---------- RECORDS SHOWN

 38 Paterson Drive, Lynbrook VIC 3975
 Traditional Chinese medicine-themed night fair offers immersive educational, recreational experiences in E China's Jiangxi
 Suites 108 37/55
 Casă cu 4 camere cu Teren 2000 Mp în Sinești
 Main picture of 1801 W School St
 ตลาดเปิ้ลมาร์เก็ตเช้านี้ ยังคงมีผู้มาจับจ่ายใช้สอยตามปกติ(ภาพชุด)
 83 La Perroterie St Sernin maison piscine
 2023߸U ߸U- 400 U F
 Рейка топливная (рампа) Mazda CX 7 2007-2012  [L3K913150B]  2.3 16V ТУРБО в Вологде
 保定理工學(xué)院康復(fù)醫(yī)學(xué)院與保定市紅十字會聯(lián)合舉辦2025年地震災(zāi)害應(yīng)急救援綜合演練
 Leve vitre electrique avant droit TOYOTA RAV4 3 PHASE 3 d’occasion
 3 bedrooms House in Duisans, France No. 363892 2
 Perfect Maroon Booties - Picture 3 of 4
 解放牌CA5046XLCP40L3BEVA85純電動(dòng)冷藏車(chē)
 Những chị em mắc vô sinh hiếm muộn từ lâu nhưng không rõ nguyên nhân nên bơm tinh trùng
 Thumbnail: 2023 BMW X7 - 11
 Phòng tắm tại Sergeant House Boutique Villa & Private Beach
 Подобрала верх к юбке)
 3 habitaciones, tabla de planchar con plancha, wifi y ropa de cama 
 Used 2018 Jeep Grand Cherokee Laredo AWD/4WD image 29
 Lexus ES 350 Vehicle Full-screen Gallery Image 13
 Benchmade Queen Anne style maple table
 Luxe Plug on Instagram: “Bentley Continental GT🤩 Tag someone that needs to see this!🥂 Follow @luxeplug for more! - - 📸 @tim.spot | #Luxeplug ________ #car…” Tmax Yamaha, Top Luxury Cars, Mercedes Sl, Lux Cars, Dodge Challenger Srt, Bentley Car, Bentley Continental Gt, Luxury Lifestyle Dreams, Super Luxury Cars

--------------------

== TRY IT ==
Please, from the material above, copy only the lines from the line with "2023߸U ߸U- 400 U F" up to and including the line with "Leve vitre electrique", exactly as written.

== ANSWER SECTION ==
 2023߸U ߸U- 400 U F
 Рейка топливная (рампа) Mazda CX 7 2007-2012  [L3K913150B]  2.3 16V ТУРБО в Вологде
 保定理工學(xué)院康復(fù)醫(yī)學(xué)院與保定市紅十字會聯(lián)合舉辦2025年地震災(zāi)害應(yīng)急救援綜合演練
 Leve vitre electrique avant droit TOYOTA RAV4 3 PHASE 3 d’occasion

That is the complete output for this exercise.